Bernard Gotfryd, Andy Warhol ​(ca. 1977), Library of Congress, LC-GB05- 4479 [P&P]

The views and opinions expressed in this article are solely those of the author. They do not reflect the opinions or views of Bunker Projects or its members. 


I have this, perhaps uniquely Pittsburgh, problem: I’m tired of Andy Warhol. I can’t go into a cafe without seeing a genuine, bootleg, or copycat Warhol canvas made in three or four combative hues. Every Halloween, scores of recent transplants to the city put on embarrassingly bad wigs and repeat an old liturgy about 15 minutes of something or another. Every bio blurb about the late Andy has some mention of Pittsburgh and how quickly he ran from here, as though that’s an interesting story, as though that’s not the story of our myriad parents, aunts, uncles, cousins… As though that’s not the story of coal, and salt, and glass, and iron, and steel. As though we don’t all run from Pittsburgh at some point. What’s interesting is coming back, or staying. Warhol didn’t do either. He moved to New York. Moving to New York isn’t interesting. He doesn’t really interest me. Or, maybe more precisely, a product called “Andy Warhol,” a sort of art world export, doesn’t interest me.

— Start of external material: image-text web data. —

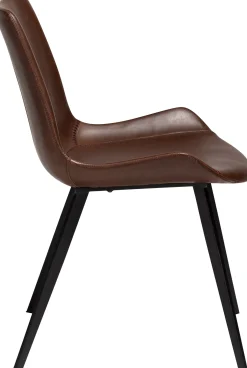 DAN-FORM - HYPE Stol - Vintage Cocoa kunstlæder
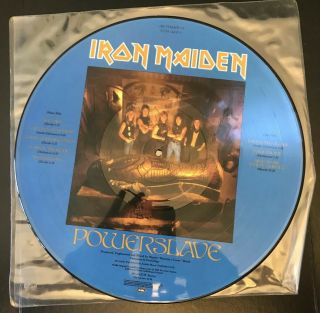 Rare Iron Maiden Powerslave Vinyl Picture Disc LP Record UK 1984 EJ 24 0200 0 2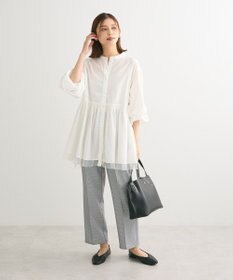 Green Parks 裾チュールレイヤードチュニック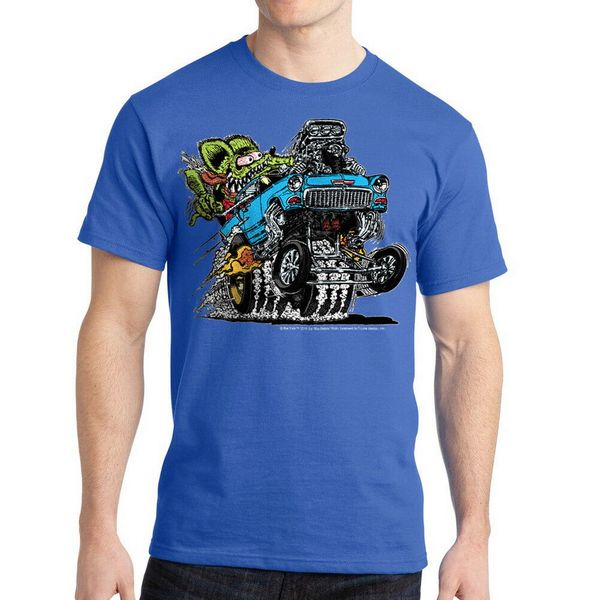 

rat fink 55' blue chevy ed big daddy men's royal blue t-shirt new sizes s-2xl cotton tee shirt sport hooded sweatshirt hoodie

​That product has most recently been exported to Saudi Arabia in the form of FAME: Andy Warhol in AlUla at the AlUla Arts Festival. Curated by Patrick Moore, director of our own Andy Warhol Museum, the show brings together a range of Warhol’s works that attest to his lifelong obsession with fame and the famous. In numerous interviews, Moore claims the theme of fame matches his own experience visiting the Gulf nation — a place imminently youthful, ripe for change, desirous of the eyes of the world. Housed in the Maraya — a stunning concert hall with a mirror-covered exterior — the whole shindig sounds utterly glamorous. Famous people, being looked at by the young and beautiful, inside a vision-defying piece of architecture on land ruled by an ultra-rich monarchy. I mean, pinch me! I think I’m dreaming!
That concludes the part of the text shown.